I started a couple days ago writing on the "introduce yourself" forum and it gave me alot of chizuk. Because I went ahead and read the handbooks, forums etc. This helped me start the 90 day challenge (something I never would"ve done otherwise).
So first off I would like to give a thanks to all those that replied to my original post and brought me to start this challenge. Every day that I"ve held out so far and biezras Hashem that I will be clean in the future is to your credit
My first post on gye was as follows a letter I almost wrote to a theropist I"ve been seeing for depression, and went as follows
"I didn"t want to wait because i was afraid I'll end up not saying anything. Truth is it makes sense that I"m running away. Running from life or better yet running away from myself. I have what to run away from. I really am a failure and would rather live a fake life then face reality, because every time I tried facing reality I failed. We all do have some monkey in us and we act on whats comfortable. Life ain"t comfortable, or better yet I cant live with myself, so I dont. There is another way to deal with it, but I dont think you"ll approve. Its called suicide. Problem is It wont make things any better, otherwise I wouldve done it already.

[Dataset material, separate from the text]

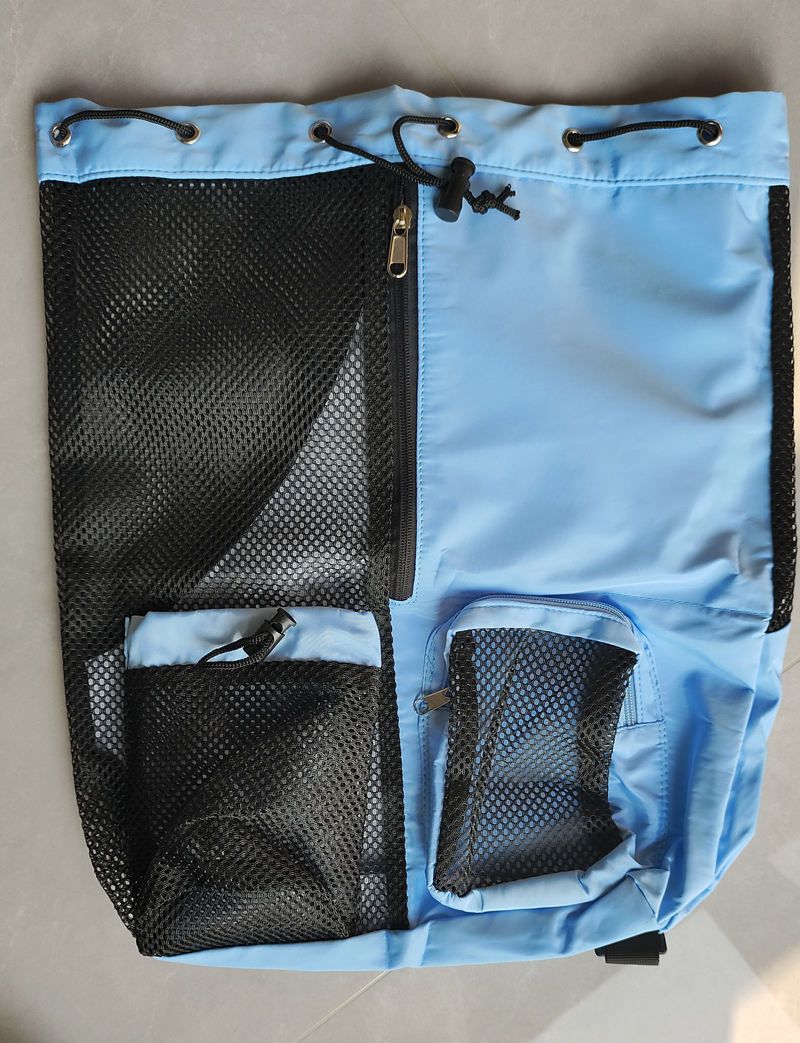 New Swimming Mesh Drawstring With Wet Pocket Beach Backpack Gym Workout Gear Bag_voghion.com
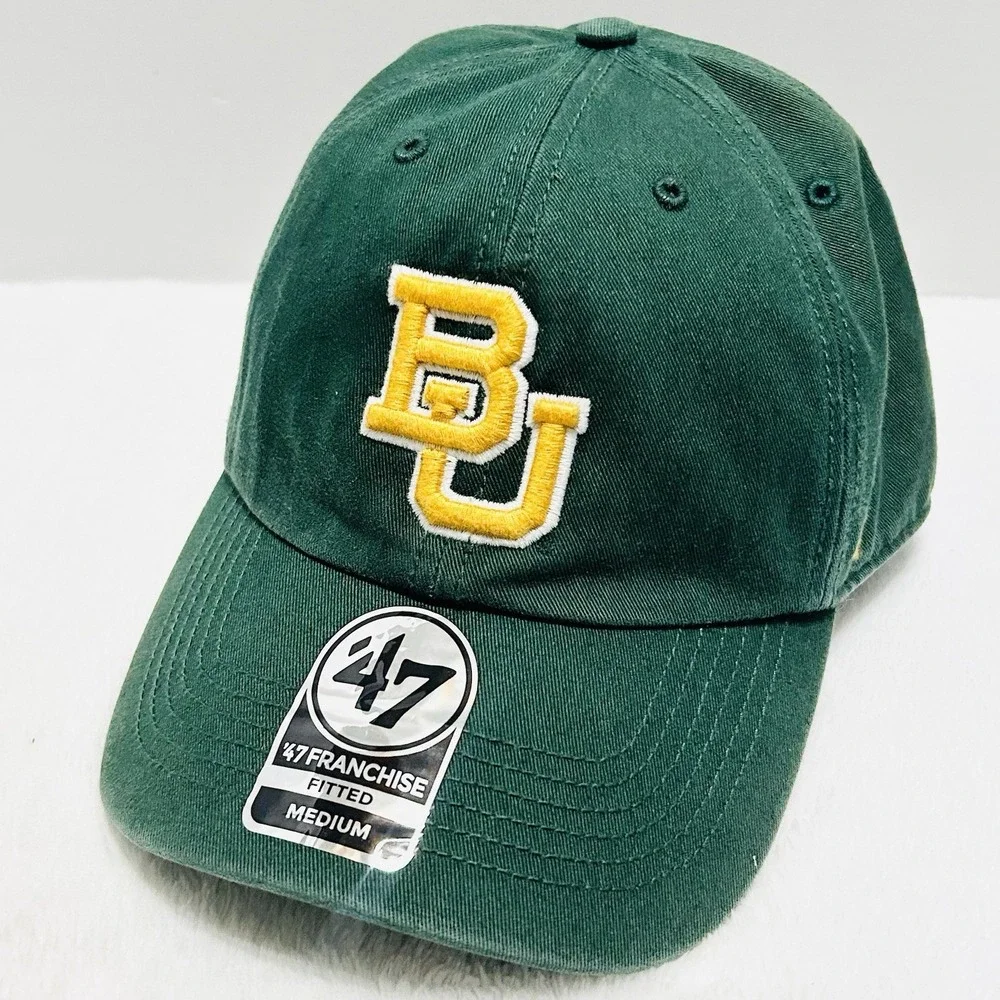 '47 Brand Baylor Bears‎ Logo Franchise Fitted Hat Cap Medium Green NCAA College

People think of me as this great guy but I know the truth. I know there aint anything really there . Its a fake a fraud. I know this sounds like Im feeling hopeless, but truth is I am. I turned to oblivion because its so much easier, or better yet its the only thing I can do. After enough times of being punched one tends to stop picking up his face. Its only natural you know. Im sick of this whole life. Sick of being who I am. Sick of pretending to be someone else. I dont even know if ill send you this ill probably just erase it. Its not worth it anyway. I guess it is because even the smallest hope is better then none. flake whats the difference if theres hope if I wont go through with it anyway.
dang I do need help, but if I cant face myself how can I expect anyone else to. If I cant admit my reality to myself how can I admit it to someone else. flake this is so stupid maybe I should just jump. Ill tell Hashem I couldnt do it. It was to hard. flakeKKKKKKKK....
Truth is I am getting by this way. It didnt take away the problem, but its that other guy its not me. Ill split my parents into good and bad why not split myself. dang I know this makes no sense but..........................................."
As you can see I was feeling very low and quite desperate. More like hopeless, but I got to say that for the first time since this depression hit (about a year and a half) I really feel hopefull! I feel like I have hope. Hope to become clean. Hope to live a normal life and hope to get back to myself!
I am right now finishing the fifth day that Ive been clean. I can"t believe this myself! Please Hashem, help me together with all those suffering from this terrible sickness to break free and searve you in earnest. Amen.